It's not fair to criticise sixties television for its poor special effects, but it is reasonable to ask whether they base their attempts on a sensible mental model of what space combat could look like. In the case of Star Trek, as the visual effects get better and better at representing their mental model, it becomes more and more apparent that the answer is no; astrogation in the Star Trek Universe is riddled with peculiar assumptions. However, my complaint here isn't primarily that ST:TNG visual effects are an insult to our intelligence; it's that greater realism, applied in moderation, would make them so much more exciting and imaginatively appealing.
Star Trek vessels are well lit in the depths of interstellar space, as are the nightsides of the planets they audibly whoosh by; meanwhile phaser beams, tractors et cetera appear as glowing lines, despite the lack of air to scatter the light. I trust you recognise this as “artistic licence” – though ST:TMP1's underlit ships were an aesthetic improvement. But do you ever wonder how anyone spots Klingons approaching at a hundred times the speed of light? Forget mere Doppler effects; the image should arrive time‐reversed, after they do! So who needs cloaking devices? Faster‐Than‐Light vision must be standard in the Star Trek Universe; as in “Tin Man” (ST:TNG3), when they watch a nova three and a half light‐hours away.

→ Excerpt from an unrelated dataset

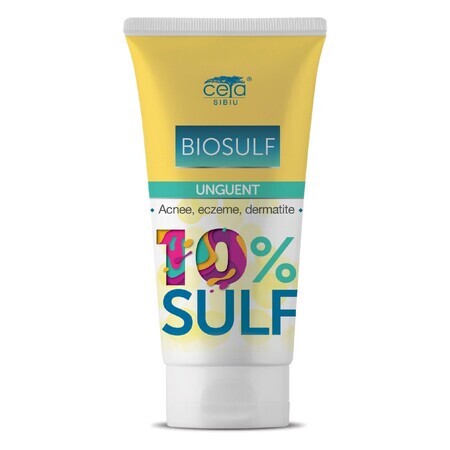 Cream with Sulfur 10%, 50 ml, Ceta Sibiu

Maybe the best available rationalisation is that both the viewscreen shots and the somewhat mysterious “external views” show scenes as viewed not by human eyes, but by radarlike subspace‐sensors; which would also help to explain how Spock can always tell that “we are being scanned”.

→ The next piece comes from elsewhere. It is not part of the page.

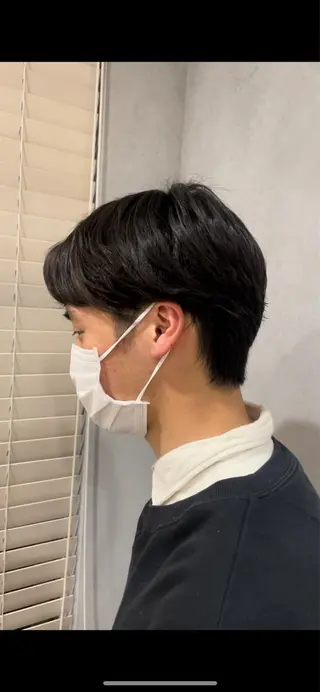 メンズ yumemiレイヤー ‎✴︎ 透明感カラーのヘアスタイル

What exactly are those diverging “stars” that the USS Enterprise is always flying through? If they're really stars, this implies speeds of a million‐plus times lightspeed; yet they keep zooming past even (e.g.) in “The Galileo Seven” (ST:TOS1) when the Enterprise is in a parking orbit… Well, maybe they're hydrogen molecules, or some subspatial equivalent.
Next consider the speeds and distances entailed in intersystem travel. In general, if you can see one another, then you're flying dangerously close. Nevertheless, we commonly see starships sitting nose‐to‐nose, practically immobile relative to one another (even whilst accelerating under warpdrive; as for instance in “The Survivors”, ST:TNG3). Maybe these views are computer‐enhanced, and largely conventionalised to suit human psychological needs? Let us pretend so; I will hypothesise furthermore that the “stars” are added as a false‐texture speed indicator by their Viewscreen Computers. Similarly the atmospheric sound effects.
Then there's combat. Fights can occur at warp eight (“Journey to Babel”, ST:TOS2), but nobody exploits manoeuvres like the Dewarp and Backstab Your Pursuers tactic or has trouble with the ranges during head‐on charges. FASA's Star Trek wargame simply outlaws warp factor changes, treating it as if it were all slower‐than‐light; a blatant cop‐out. Note (“Balance of Terror”, ST:TOS1) that plasma bolts, phaser beams, and so on move much faster than starships, while the beam of a hand phaser is so slow you can see it move! We must assume ships' phasers are souped up with some kind of extra subspace field, which may explain their visibility in scanners.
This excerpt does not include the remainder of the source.